The idea behind the certification is to do well by doing good: erecting and operating buildings that put less stress on the environment and workers, and offer the potential to reduce construction and operating costs.
The LEED certification system was developed by the nonprofit U.S. Green Building Council.
When the projects were being planned, Medrad's top executives and board reviewed information on LEED certification for both the Victory Road factory and for the company's new Global Center headquarters in Marshall, according to Eric Ferchaw, the company's director of global facilities.
Directors agreed that "going green" would improve working conditions for employees, offer financial benefits, help the company's public image and aid the environment. "That's a balanced approach that fits well with our culture," he said. "The bottom line is that it's the right thing to do."

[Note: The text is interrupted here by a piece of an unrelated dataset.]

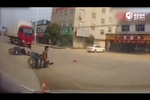 監(jiān)拍：汽車拐彎時(shí)數(shù)米外倆電動(dòng)車摔倒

LEED certification often is hard to achieve in manufacturing facilities, he said, because plants use so much energy during production. Medrad overcame that disadvantage by earning extra points in certification areas linked to sustainability, materials use, recycling, water efficiency and indoor environmental quality.
Many construction materials -- including steel and carpeting -- contained recycled materials. Medrad sought to purchase much of the steel, masonry products and glass used to build the new plant from firms within 500 miles of Butler County, Mr. Ferchaw said.

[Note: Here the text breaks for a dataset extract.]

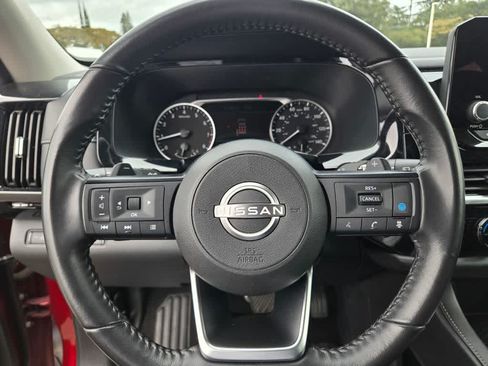Used 2024 Nissan Pathfinder SV FWD image 22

Storm water is managed on-site with natural swales that cool and filter runoff.
That captured storm water also helps provide natural irrigation for local plants used in landscaping.
One major element of the program was managing construction waste, Mr. Ferchaw said. About 75 percent was recycled. "That's 300 tons of waste that did not go into a landfill," he said.
Another big area of concern was indoor environmental quality. The adhesives, glues, paints, carpeting and furniture for the plant were selected, in part, because they give off few or no volatile organic compounds, or VOCs.
"There is no 'new-car smell' here," plant manager Rafael Lopez-Cepero said during a recent tour of the facility. That chemical aroma -- familiar to anyone who has repainted a room or installed new carpeting -- results from the evaporation of VOCs, he said.
Mr. Ferchaw and Mr. Lopez-Cepero pointed to the wide use of natural light throughout the building, including the warehouse and cafeteria.
"LEED certification also looks at how you manage construction," Mr. Ferchaw said. "When workers were cutting drywall, they cut it in an enclosed space, so its dust didn't get into the duct work," he said.
The building's high-efficiency heating, ventilating and air conditioning, or HVAC, system gets help from construction elements, including a high-reflective roof that reduces the amount of energy needed for summer cooling.
Offices and training rooms are equipped with motion or heat sensors that shut off lights when no one is in the room and programmable thermostats to reduce cooling and heating costs.
Medrad has extended a recycling program for manufacturing and office wastes -- begun last year at its Indiana Township plant -- to its new facilities.
As a result of that program, the company has turned around the ratio of materials it recycles and sends to landfills, Mr. Ferchaw said. Only about 15 to 20 percent of its plant and office trash ends up in landfills, he said, with as much as 80 percent recycled.
The company produces about 100 tons of waste each month.
"Where we had been sending 80 tons to landfills, now we send only 15 to 20 tons," Mr. Ferchaw said.